Forbid slow `in` inside comprehensions #864

orsinium · 2019-10-09T07:28:23Z

Rule request

Thesis

len with comprehensions

Iterators have no len, and sometimes I forgetting it.

Bad:

len(1 for el in a if el in b)

Better:

len([1 for el in a if el in b])

`in` inside comprehensions

Good:

sum(1 for el in a if el in b)

Twice slower, but also ok:

sum(el in b for el in a)

Reasoning

Detect runtime TypeError in advance. We could also detect len from yield-like iterators, but resolving symbols in python always is a non-trivial thing, unfortunately.

The text was updated successfully, but these errors were encountered:

sobolevn · 2019-10-09T08:31:14Z

Good idea!

But, we don't assume types as the best practice. mypy catches this case perfectly:

# ex.py
len(1 for el in a if el in b)

Output:

ex.py:1: error: Argument 1 to "len" has incompatible type "Generator[int, None, None]"; expected "Sized"

But, sum is the whole new case. That's about performance and the best practice.
That's something I want to have.

We can forbid to use x in y inside value part of the comprehension. And force people to write 1 or True and if x in y.

sobolevn · 2019-10-09T08:33:54Z

We need to measure the speed for different types with timeit
And make a decision based on the results.

orsinium · 2019-10-09T09:09:00Z

From worst to best:

from random import randint 
elements = list(randint(-100000, 100000) for _ in range(1000000))  

%timeit sum(a > 0 for a in elements) 
# 130 ms ± 3.15 ms per loop (mean ± std. dev. of 7 runs, 10 loops each)

%timeit sum(True for a in elements if a > 0) 
# 92.1 ms ± 2.62 ms per loop (mean ± std. dev. of 7 runs, 10 loops each)

%%timeit
s = 0
for a in elements:
  if a > 0:
    s += 1
# 73.1 ms ± 714 µs per loop (mean ± std. dev. of 7 runs, 10 loops each)

%timeit sum(1 for a in elements if a > 0)  
# 71.8 ms ± 720 µs per loop (mean ± std. dev. of 7 runs, 10 loops each)

%timeit len([1 for a in elements if a > 0])  
# 62.4 ms ± 9.78 ms per loop (mean ± std. dev. of 7 runs, 10 loops each)

orsinium · 2019-10-09T09:12:07Z

The last one has a big std deviation. So, I'm not sure is it really the best or some optimization for repetitive list creation.

ManishAradwad · 2019-10-09T09:25:40Z

Would like to take this!
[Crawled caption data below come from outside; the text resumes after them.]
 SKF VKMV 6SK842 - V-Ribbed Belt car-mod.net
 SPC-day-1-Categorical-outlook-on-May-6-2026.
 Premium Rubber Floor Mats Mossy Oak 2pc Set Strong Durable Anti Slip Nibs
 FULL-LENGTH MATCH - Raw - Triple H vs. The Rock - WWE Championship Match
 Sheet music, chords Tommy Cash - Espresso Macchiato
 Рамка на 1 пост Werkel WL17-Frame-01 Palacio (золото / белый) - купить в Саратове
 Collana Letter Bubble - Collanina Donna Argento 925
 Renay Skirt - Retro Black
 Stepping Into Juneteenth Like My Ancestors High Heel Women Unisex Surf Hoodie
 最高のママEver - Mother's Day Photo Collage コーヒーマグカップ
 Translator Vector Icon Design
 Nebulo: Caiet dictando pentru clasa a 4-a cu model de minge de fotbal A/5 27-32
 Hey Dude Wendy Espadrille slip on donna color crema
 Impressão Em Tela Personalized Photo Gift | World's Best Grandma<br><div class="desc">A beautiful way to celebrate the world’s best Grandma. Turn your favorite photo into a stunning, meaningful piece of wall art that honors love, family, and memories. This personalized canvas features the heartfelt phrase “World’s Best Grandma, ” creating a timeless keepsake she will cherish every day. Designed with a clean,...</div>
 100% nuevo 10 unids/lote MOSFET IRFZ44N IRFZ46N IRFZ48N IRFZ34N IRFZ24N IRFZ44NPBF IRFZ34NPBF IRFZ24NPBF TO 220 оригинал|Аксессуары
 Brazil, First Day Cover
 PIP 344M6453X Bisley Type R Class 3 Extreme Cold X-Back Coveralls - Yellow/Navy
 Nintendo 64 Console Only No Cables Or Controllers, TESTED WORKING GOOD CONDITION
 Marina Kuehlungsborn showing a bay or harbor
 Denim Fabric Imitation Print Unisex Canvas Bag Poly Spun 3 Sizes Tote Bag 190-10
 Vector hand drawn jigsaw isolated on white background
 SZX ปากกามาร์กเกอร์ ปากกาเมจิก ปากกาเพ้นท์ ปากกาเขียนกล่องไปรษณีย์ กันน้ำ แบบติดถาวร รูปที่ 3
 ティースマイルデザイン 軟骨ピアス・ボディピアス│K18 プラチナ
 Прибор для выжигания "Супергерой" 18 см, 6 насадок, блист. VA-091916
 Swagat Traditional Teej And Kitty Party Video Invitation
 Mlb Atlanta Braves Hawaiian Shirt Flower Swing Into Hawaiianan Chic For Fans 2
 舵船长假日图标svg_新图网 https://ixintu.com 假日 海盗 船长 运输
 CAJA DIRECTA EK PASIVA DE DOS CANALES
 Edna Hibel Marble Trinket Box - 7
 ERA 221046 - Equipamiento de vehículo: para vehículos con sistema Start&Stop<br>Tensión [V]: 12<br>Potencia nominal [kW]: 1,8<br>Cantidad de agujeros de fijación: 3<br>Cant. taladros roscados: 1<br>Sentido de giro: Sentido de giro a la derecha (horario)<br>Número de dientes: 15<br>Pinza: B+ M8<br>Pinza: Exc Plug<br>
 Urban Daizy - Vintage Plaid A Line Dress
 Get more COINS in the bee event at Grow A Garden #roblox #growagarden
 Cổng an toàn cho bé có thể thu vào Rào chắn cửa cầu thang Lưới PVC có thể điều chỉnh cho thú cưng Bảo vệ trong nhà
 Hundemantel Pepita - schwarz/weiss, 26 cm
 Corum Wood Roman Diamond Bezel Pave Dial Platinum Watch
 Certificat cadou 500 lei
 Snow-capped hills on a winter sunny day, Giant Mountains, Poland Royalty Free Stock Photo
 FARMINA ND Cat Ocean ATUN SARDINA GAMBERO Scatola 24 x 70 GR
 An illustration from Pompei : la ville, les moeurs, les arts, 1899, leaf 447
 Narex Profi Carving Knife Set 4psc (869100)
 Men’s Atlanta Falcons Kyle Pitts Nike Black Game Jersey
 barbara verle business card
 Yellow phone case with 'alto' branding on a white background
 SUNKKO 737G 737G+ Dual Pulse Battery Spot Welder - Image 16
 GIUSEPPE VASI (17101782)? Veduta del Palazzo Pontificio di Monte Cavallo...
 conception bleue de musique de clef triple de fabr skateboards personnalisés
Can u plz assign this to me

ManishAradwad · 2019-10-13T08:25:46Z

From worst to best:

from random import randint 
elements = list(randint(-100000, 100000) for _ in range(1000000))  

%timeit sum(a > 0 for a in elements) 
# 130 ms ± 3.15 ms per loop (mean ± std. dev. of 7 runs, 10 loops each)

%timeit sum(True for a in elements if a > 0) 
# 92.1 ms ± 2.62 ms per loop (mean ± std. dev. of 7 runs, 10 loops each)

%%timeit
s = 0
for a in elements:
  if a > 0:
    s += 1
# 73.1 ms ± 714 µs per loop (mean ± std. dev. of 7 runs, 10 loops each)

%timeit sum(1 for a in elements if a > 0)  
# 71.8 ms ± 720 µs per loop (mean ± std. dev. of 7 runs, 10 loops each)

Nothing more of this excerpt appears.